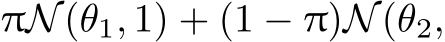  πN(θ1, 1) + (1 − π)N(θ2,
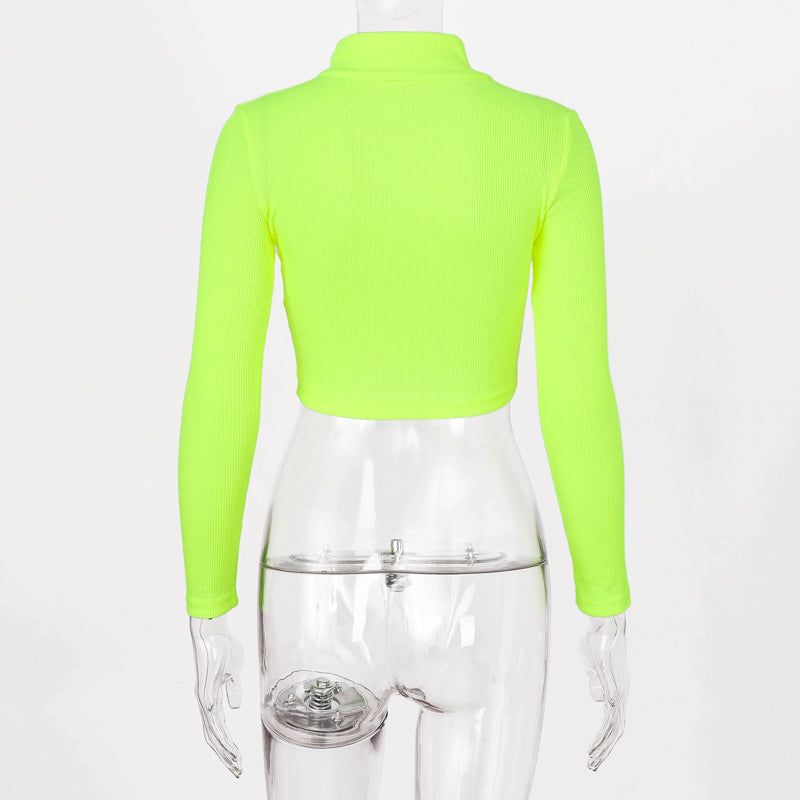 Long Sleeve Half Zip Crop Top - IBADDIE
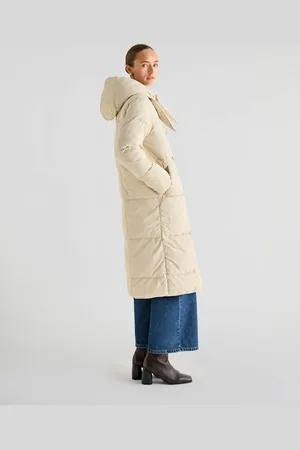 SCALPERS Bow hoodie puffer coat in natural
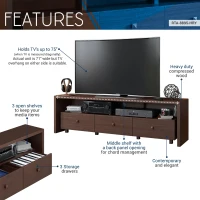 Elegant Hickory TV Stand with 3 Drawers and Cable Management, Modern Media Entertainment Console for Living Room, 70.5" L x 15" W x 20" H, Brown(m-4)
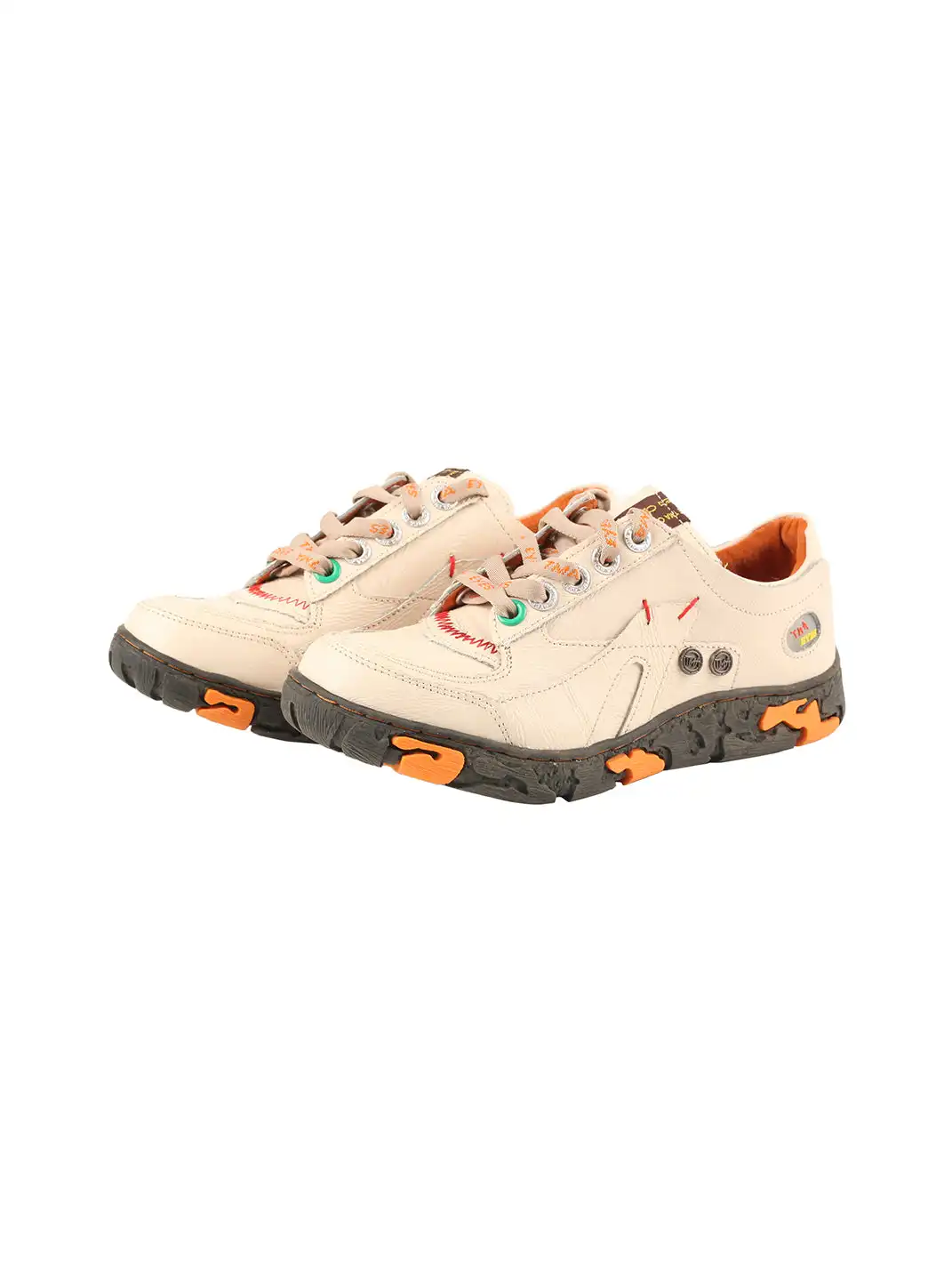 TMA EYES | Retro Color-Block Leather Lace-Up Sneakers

# Problem to work on
From the line that holds "Elegant Hickory TV" to the last line of the data, return those lines exactly and nothing else; both ends count, and pictures stay out.

# Response to the exercise
 Elegant Hickory TV Stand with 3 Drawers and Cable Management, Modern Media Entertainment Console for Living Room, 70.5" L x 15" W x 20" H, Brown(m-4)
 TMA EYES | Retro Color-Block Leather Lace-Up Sneakers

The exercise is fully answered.